A ERSE nota ainda que todos os seus saldos de gerência “posteriores a 2005 estão depositados no IGCP, por tal lhe ser imposto legalmente” e que o valor acumulado entre 2006 e 2016 foi de 11,6 milhões. Assim, embora os 2,44 milhões estejam depositados no IGCP (a agência que gere a tesouraria pública), uma vez que a entidade reguladora não é demandada no processo, aparentemente será aos seus três ex-gestores que caberá, em caso de condenação efectiva, repor o valor, tal como é requerido pelo Ministério Público (que os acusa de terem decidido “voluntariamente” não  transferir o dinheiro, “cientes de que esta sua conduta era ilícita, proibida e financeiramente sancionável”).

Ainda assim, a sentença de absolvição (entretanto revogada) da juíza-conselheira Helena Ferreira Lopes revela que – “face à propositura da acção” e por “solicitação dos demandados” – a ERSE decidiu que, se vier “a ser definitivamente decidido pelo TdC que esse montante deve ser entregue nos cofres do Estado (…), diligenciará no sentido de promover a transferência”.

Antes que a notificação da acção chegasse aos ex-responsáveis da ERSE, em Fevereiro do ano passado, e tal como é possível reconstituir pela consulta da sentença favorável (o acórdão de condenação, que segundo a PGR tem data de Outubro, ainda não foi divulgado), para aqui chegar houve uma longa interacção entre a ERSE e as Finanças. E esta culminou em 2013 com a recusa do regulador em atender ao ofício da Inspecção-Geral de Finanças (IGF) a solicitar a entrega dos 2,44 milhões de euros, amparada em pareceres jurídicos e nas posições do seu conselho consultivo (CC).

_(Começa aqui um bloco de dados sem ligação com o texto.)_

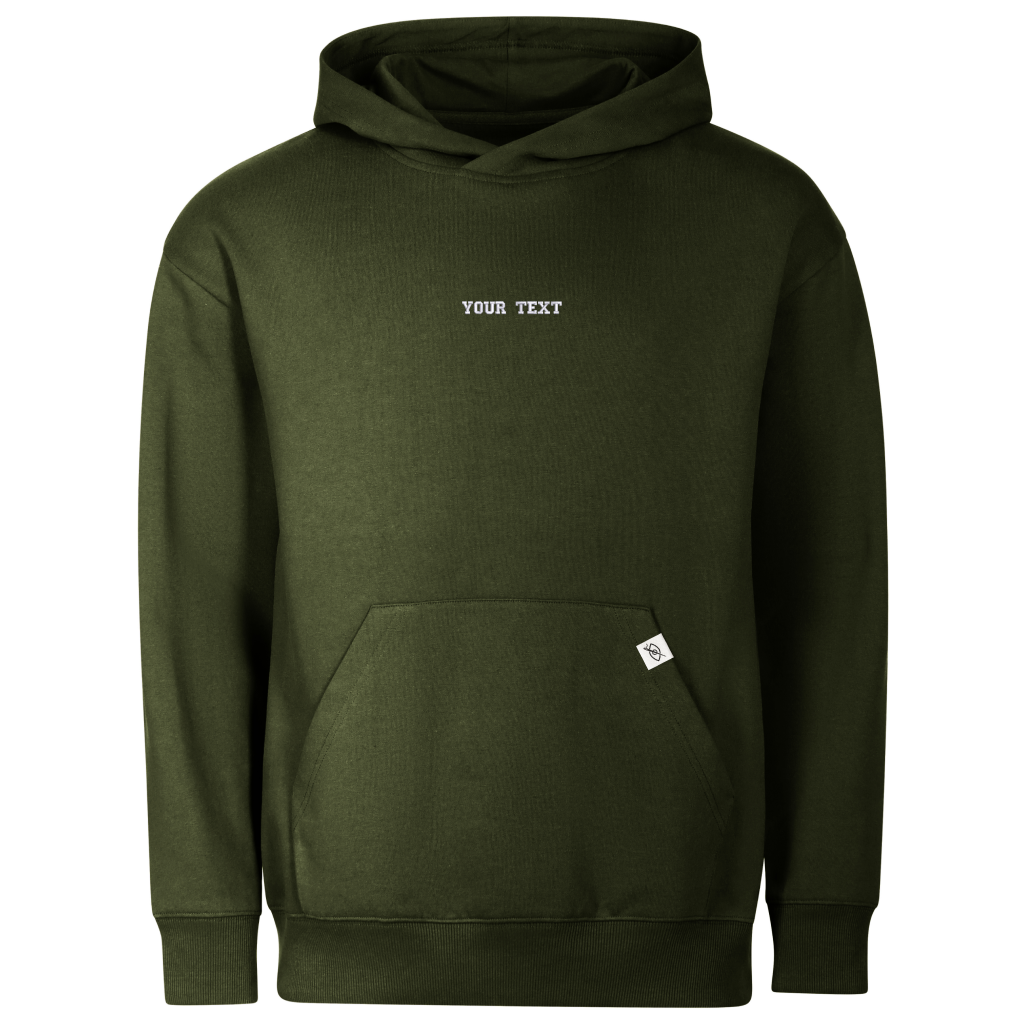 Standart Hoodie "CUSTOM TEXT"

Lê-se na sentença que em Julho de 2010, pouco depois da publicação do diploma, a ERSE escreveu ao então secretário de Estado adjunto e do Orçamento, Emanuel Santos, “a solicitar a dispensa do cumprimento” da medida de transferência dos saldos de gerência. A ERSE baseava-se “no disposto no Artigo 50.º do Decreto-lei n.º 97/2002 [os seus estatutos], que determina que o seu orçamento é financiado pelos consumidores” de electricidade e gás natural, e defendia que esse dinheiro não poderia ser utilizado para outra finalidade que não sustentar o seu funcionamento. Mas a DGO contrapôs dizendo não haver fundamento para a “não aplicação das normas orçamentais em vigor à ERSE” e considerou que o dinheiro deveria ser transferido. Esta informação da DGO foi seguida de um despacho do secretário de Estado (em Outubro) a dizer que a ERSE devia “dar cumprimento à lei”. Face a isto, a ERSE pediu ao CC (um órgão no qual, entre várias entidades, estão representantes do Governo da área das Finanças, Energia e Ambiente) uma posição sobre a aplicabilidade da medida e este, em Novembro, reiterou que os saldos de gerência deveriam reverter para os consumidores.

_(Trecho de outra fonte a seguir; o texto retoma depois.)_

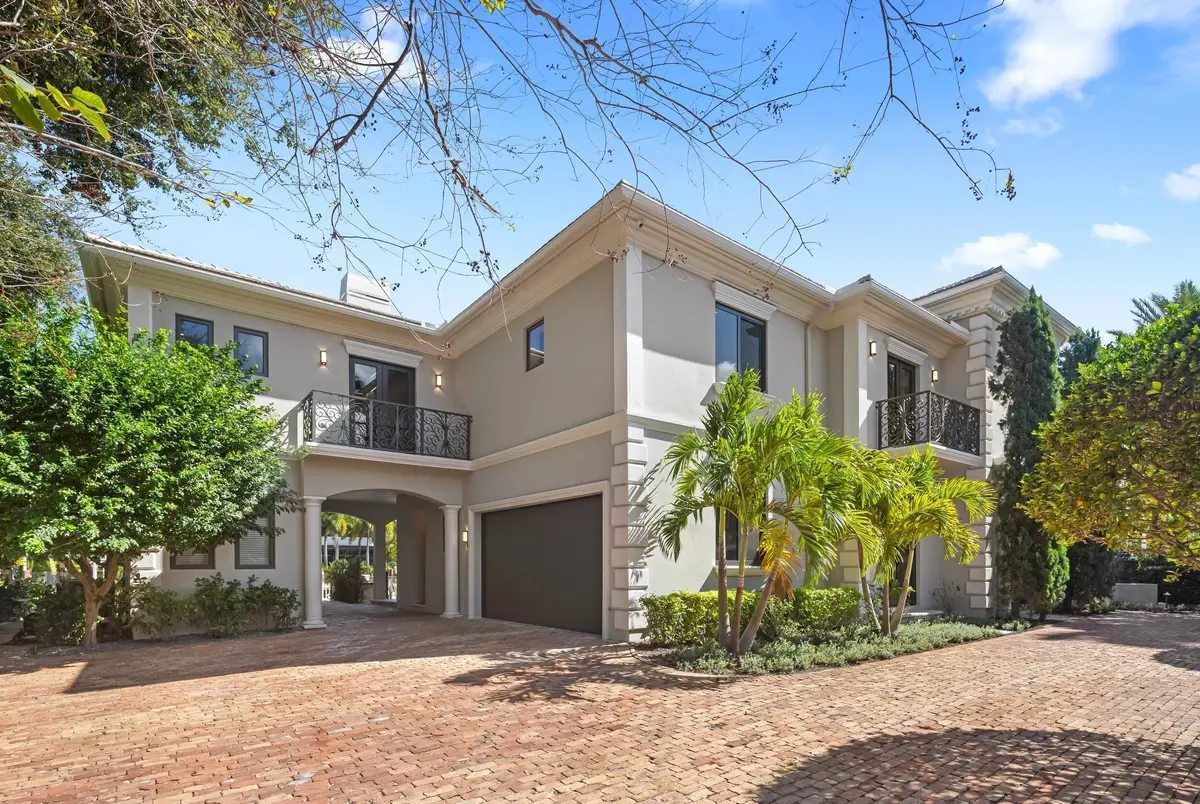 Front at 620 Coral Way, Fort Lauderdale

Em Janeiro de 2011, depois de a ERSE ter comunicado esta posição, a DGO voltou a pronunciar-se, sustentando que, além de já haver um despacho do secretário de Estado sobre o tema, não havia fundamento legal para que a ERSE fosse isentada da medida, remetendo o caso para a IGF. Foi já em resposta a pedidos de esclarecimento da IGF que a ERSE apresentou um parecer jurídico da sociedade Paz Ferreira e Associados em que se defendia que as normas “referentes a cativações e reversão de saldos de gerência não têm qualquer razão de ser quanto aos serviços e organismos com autonomia financeira integralmente financiados por receitas próprias que lhe estão consignadas – como é o caso da ERSE”. Os juristas sustentavam ainda que, “se as receitas das contribuições pagas em excesso [pelos consumidores] não podem ser retidas pela ERSE, muito menos podem ser retidas pelo Estado e utilizadas para financiar os gastos do Estado”.

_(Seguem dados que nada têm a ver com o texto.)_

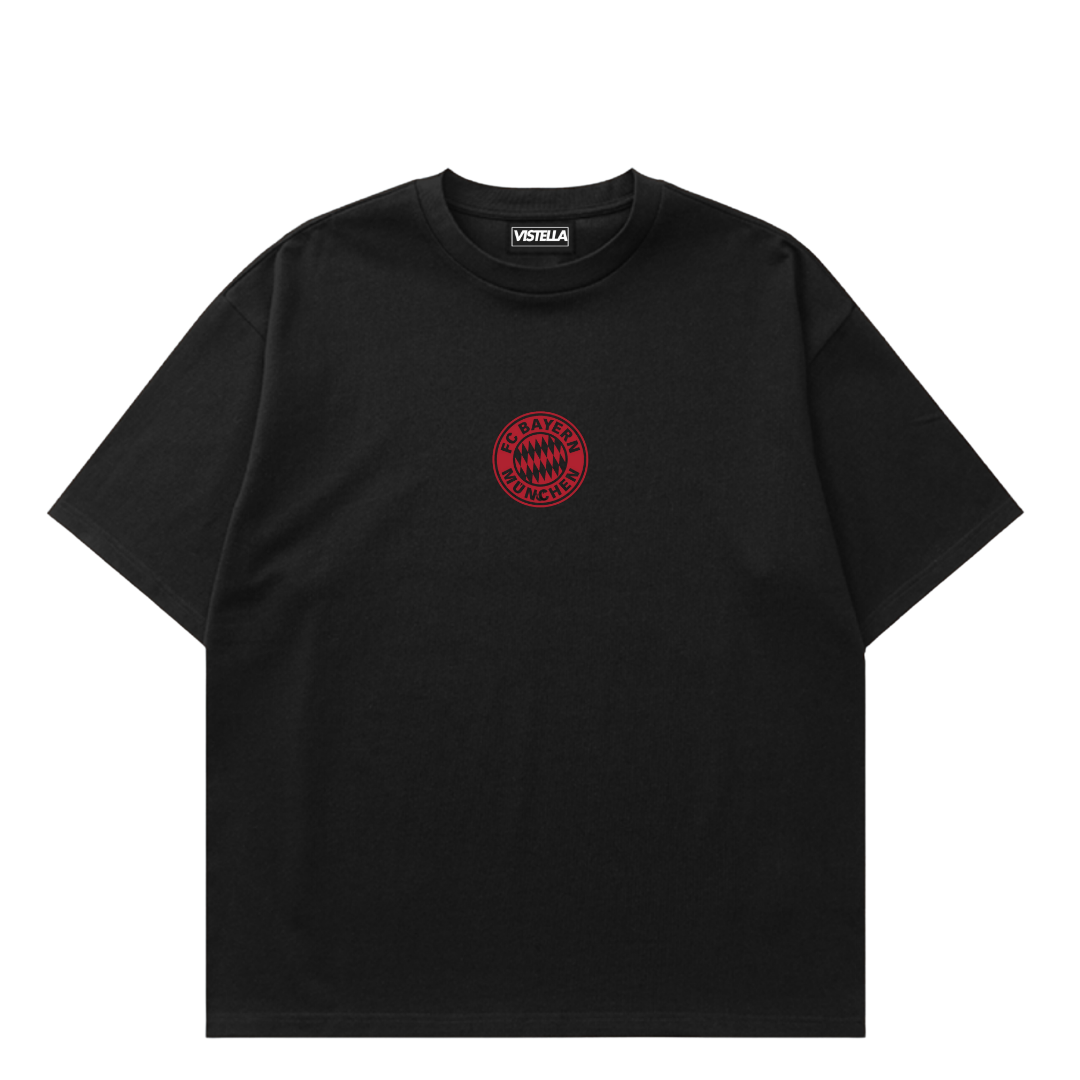 VISTELLA™ Kişiye Özel Oversize Joshua Kimmich T-shirt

Foi no mesmo sentido que se voltou a pronunciar o conselho consultivo da ERSE, já em Abril de 2013, depois de a IGF ter finalmente enviado ao regulador, em Fevereiro, um ofício a solicitar que procedesse à entrega dos 2,44 milhões de euros. O “edifício jurídico do sistema energético e regulatório português deve basear-se no princípio da separação de funções entre o Estado e as actividades reguladas, não sendo correcta, nem aconselhável, qualquer comunicação de receitas entre ambas”, afirmou então o CC. Recordando caber à ERSE, “nos termos dos respectivos estatutos aprovados por lei, assegurar a defesa dos direitos dos consumidores”, o CC defendeu que, “se necessário” fosse, o regulador deveria “diligenciar no sentido de assegurar a defesa das posições que convictamente tem vindo a assumir”.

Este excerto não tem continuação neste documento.